言われてみれば、扉の前に積んでた家具がいくつか動いている。どうやら力づくで突破しようとした様子であるが、それだけのことをしたのならば、大きなお供しただろうに、そんな記憶はとんとない。

「それはもちろん、ぐっすり休めるように、調整させていただきましたから」

語尾にハートマークが付きそうな勢いで言われる。もうかえれ、貴様。

「酷いな、こんなに愛しているのに」

ぞぞぞと、背筋に悪寒が走る。外の男どもよりこいつの方が危険なのじゃないのか、と、身を引けば、輝かんばかりの笑顔で、自称神が微笑む。

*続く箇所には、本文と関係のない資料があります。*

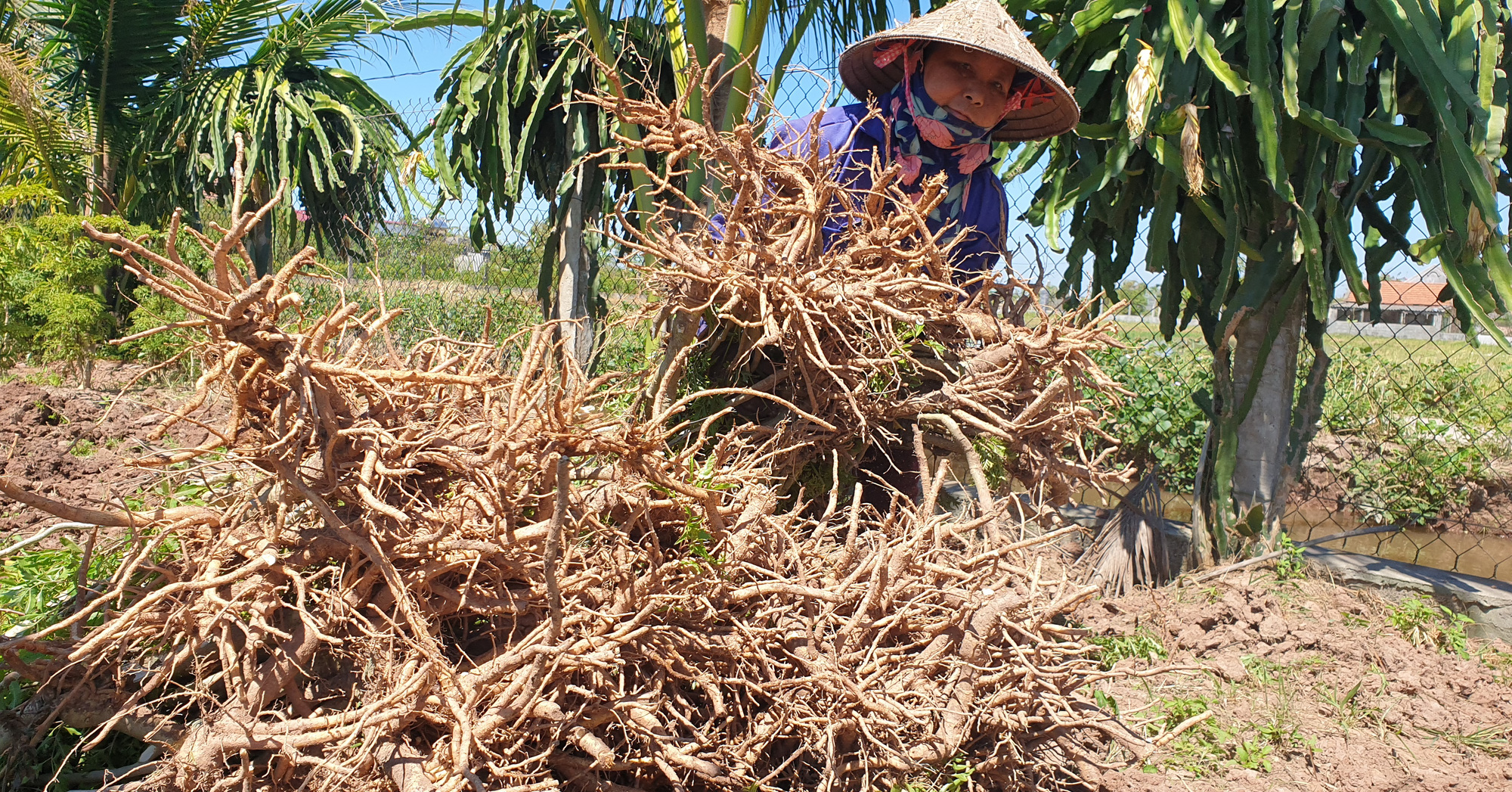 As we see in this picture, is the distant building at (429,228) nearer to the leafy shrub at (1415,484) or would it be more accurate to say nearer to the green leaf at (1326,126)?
the green leaf at (1326,126)

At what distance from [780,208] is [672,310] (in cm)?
32

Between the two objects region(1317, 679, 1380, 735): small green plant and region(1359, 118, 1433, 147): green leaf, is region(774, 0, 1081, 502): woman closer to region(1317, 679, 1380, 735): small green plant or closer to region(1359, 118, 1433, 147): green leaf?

「いやだな、この感情は、もともとはあなたのものですよ。あなたが長い人生の間で捨ててきた愛する気持ちと恋する感情のすべてを、私が受け取ったのです。貴方が捨てた物の再利用、つまりエコなんですよ。……まぁ、少々受け取りきれずにあふれて、この世界の人々に影響を与えまくってしまってるようですけれど」

最後の方はかなり不穏だった気がするのだが、と、眉間にしわを寄せれば、そっと近寄るように、まるでどこぞのジゴロか女衒のような甘ったるい仕草で自称神が指を触れる。即振り払う。きもち悪いというに。

しかしながら、なんということだ。今までの人生ほぼ80年、そのうち70年少しの間、まともに間の恋だのと縁がない生活をしてきたのだが、その弊害がこんな形で来るとは。ありえん、と思う気持ちと、自業自得かと思う気持ちのはざまで揺れ動く中、現実逃避するかのように、そういえばなぜこの自称神とやらは、神の癖にやたら人間臭い、しかも変態くさい行動をとるのであろうか、という疑問がぽん、と浮かぶ。もしや、人間観察でもして練習しおったか、それともそういう変態神なのだろうか。

「いえ、いつの間にか習得していたんですよ。」

今更のように言うのもなんだが、人の思考を読んで返事をするのは、楽と言えば楽だが変態以外の何物でもないと思うのだが。それに習得とは、もっとましなものを習得できなかったのだろうか。
頭痛を覚えて額を抑えれば、なだめるように髪をささっと触れて、男の手が離れていく。振り払われると学習したからか、かなり素早い。やるではないか。睨みあげれば、うっとりと見つめ返された。

「つまり、そういう理由で、聖女たる貴方へ皆様愛を注ぐわけです。どうぞ、今まで足りなかった分を受け取りつつ、清らかなまま頑張ってください」

さりげなくハードルを上げられた気がするのは、気のせいであろうか。

というか、この世界で聖女として何をすればいいというのか。いまだ説明がないままなのだが、と、思って見つめれば、にっこりとほほ笑んだ自称神が、扉に手のひらを向ける。とたん、積み重なっていた家具が撤去され、扉が開く。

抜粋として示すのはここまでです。